▶ _Brief descriptive captions_:

◇ ◇ ◇ ◇ ◇ ◇ ◇

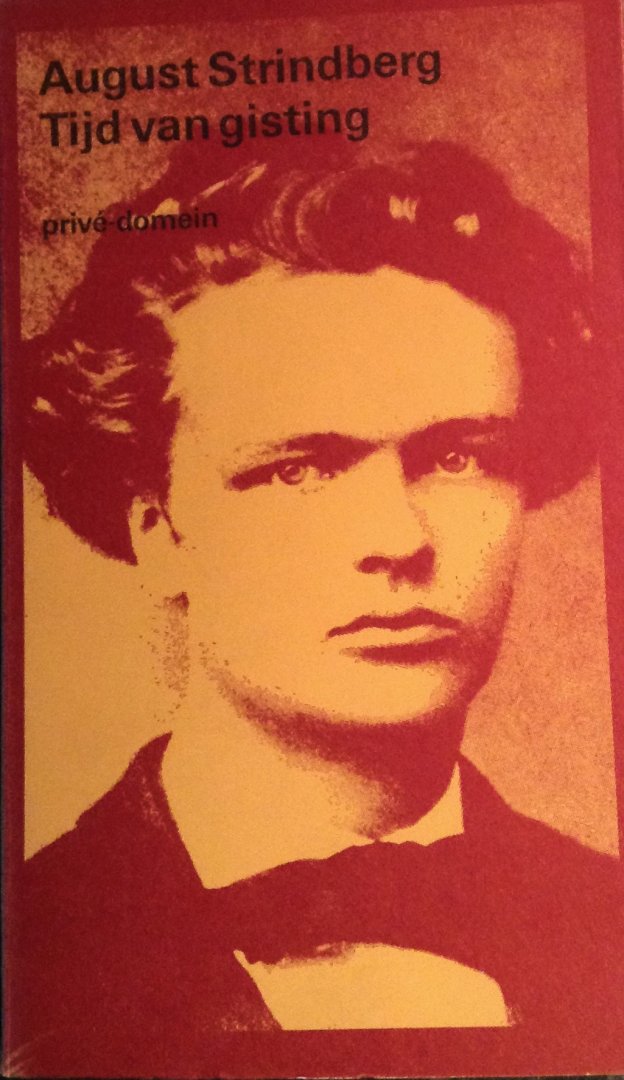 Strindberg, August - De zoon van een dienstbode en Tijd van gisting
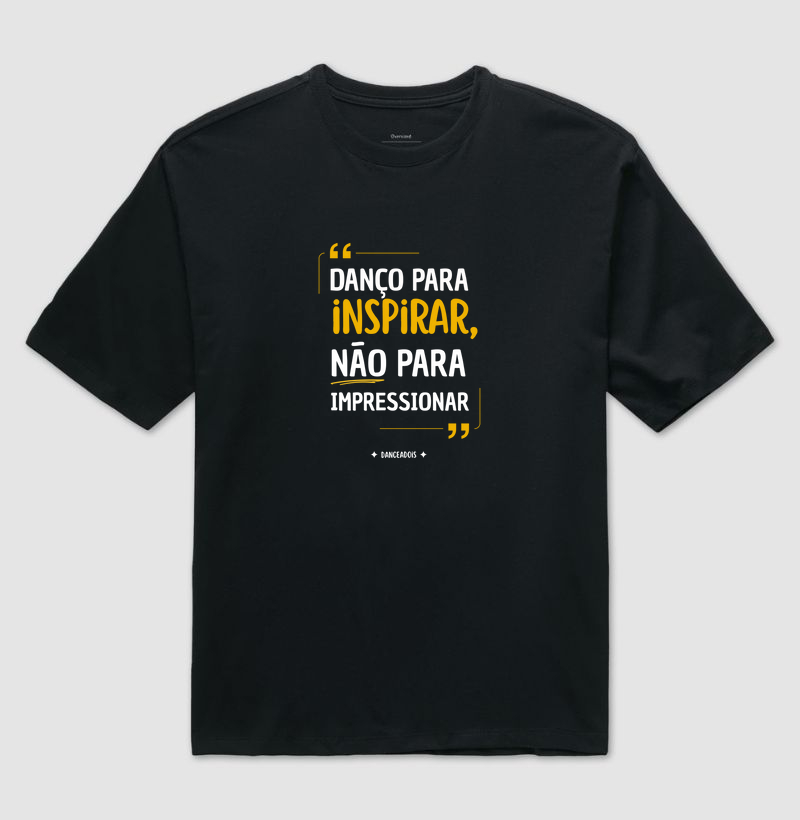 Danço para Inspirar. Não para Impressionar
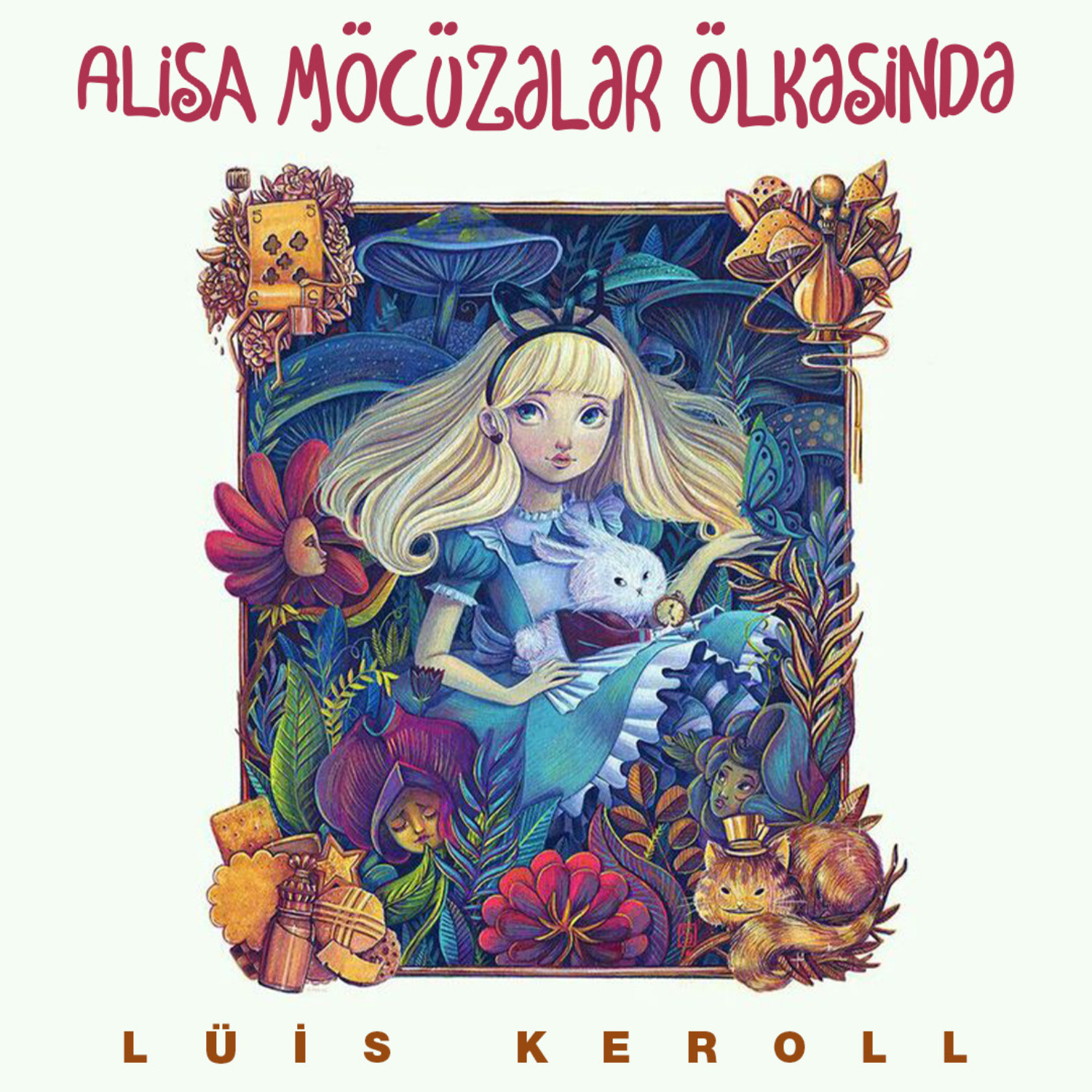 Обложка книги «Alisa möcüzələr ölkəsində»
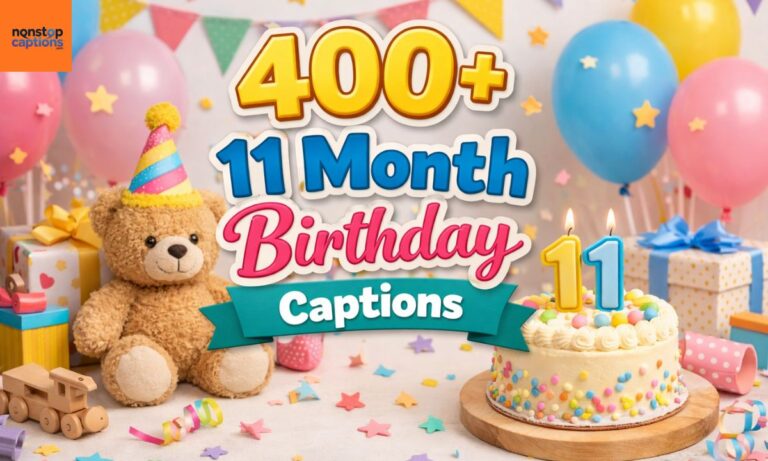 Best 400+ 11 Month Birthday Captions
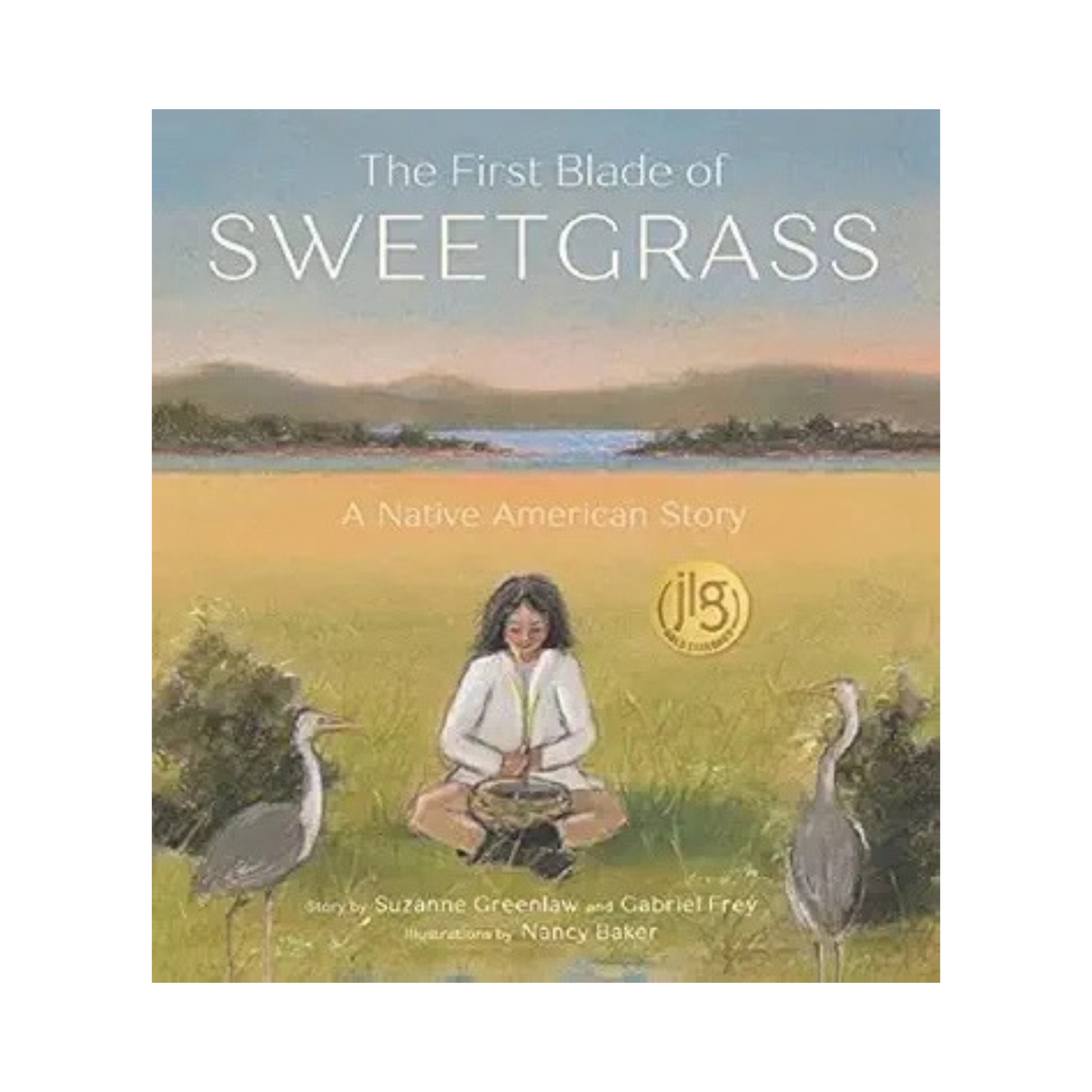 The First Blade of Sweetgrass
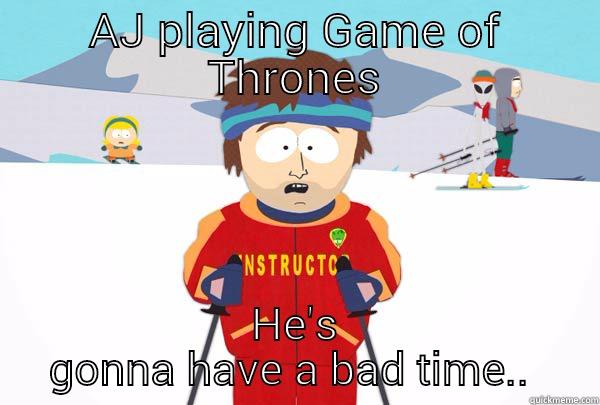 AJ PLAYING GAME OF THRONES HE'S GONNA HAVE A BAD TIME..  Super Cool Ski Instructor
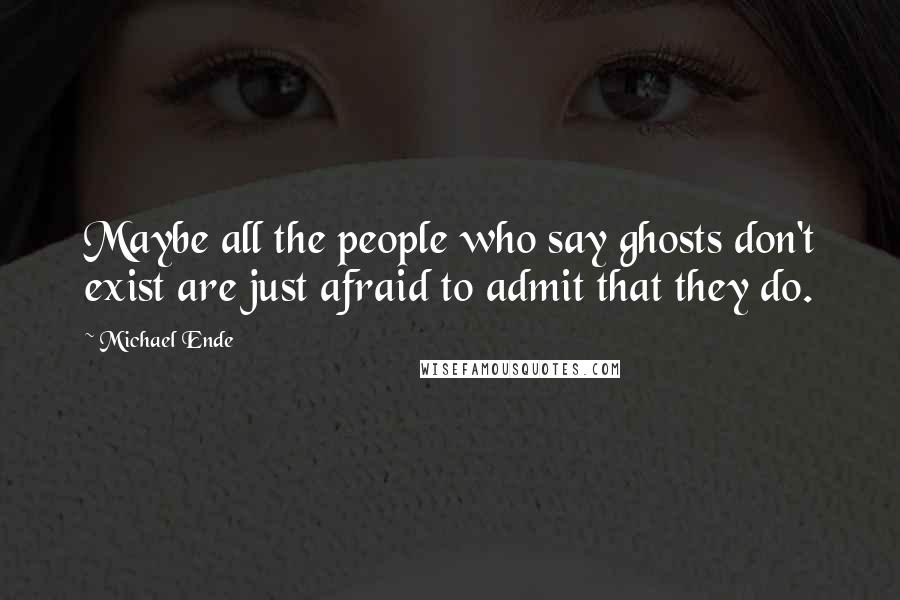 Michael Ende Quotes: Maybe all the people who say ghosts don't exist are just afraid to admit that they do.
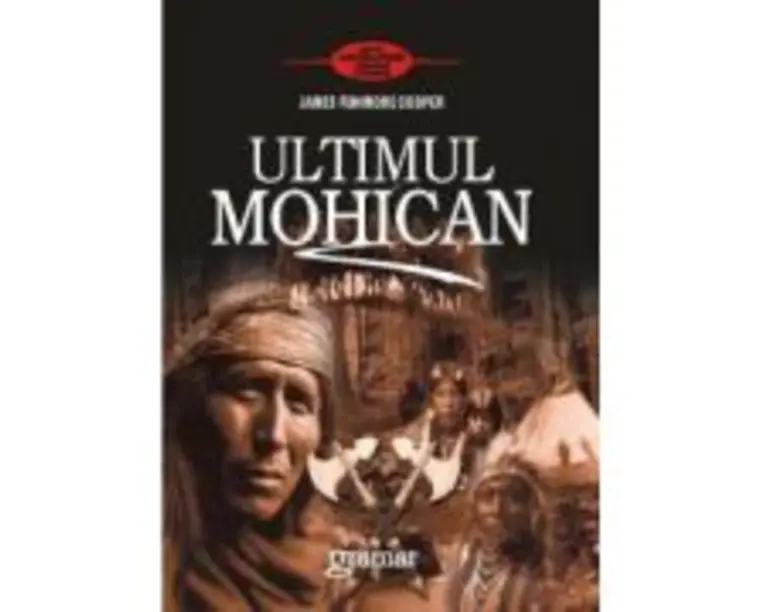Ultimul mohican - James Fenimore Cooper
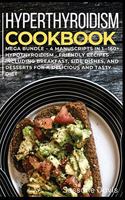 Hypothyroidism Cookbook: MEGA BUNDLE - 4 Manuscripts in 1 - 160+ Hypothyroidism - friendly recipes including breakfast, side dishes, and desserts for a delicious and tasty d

◇ ◇ ◇ ◇ ◇ ◇ ◇

▶ _Work required_:
All records are to be reproduced exactly; the pictures are to be omitted.

▶ _Answer section_:
 Strindberg, August - De zoon van een dienstbode en Tijd van gisting
 Danço para Inspirar. Não para Impressionar
 Обложка книги «Alisa möcüzələr ölkəsində»
 Best 400+ 11 Month Birthday Captions
 The First Blade of Sweetgrass
 AJ PLAYING GAME OF THRONES HE'S GONNA HAVE A BAD TIME..  Super Cool Ski Instructor
 Michael Ende Quotes: Maybe all the people who say ghosts don't exist are just afraid to admit that they do.
Ultimul mohican - James Fenimore Cooper
 Hypothyroidism Cookbook: MEGA BUNDLE - 4 Manuscripts in 1 - 160+ Hypothyroidism - friendly recipes including breakfast, side dishes, and desserts for a delicious and tasty d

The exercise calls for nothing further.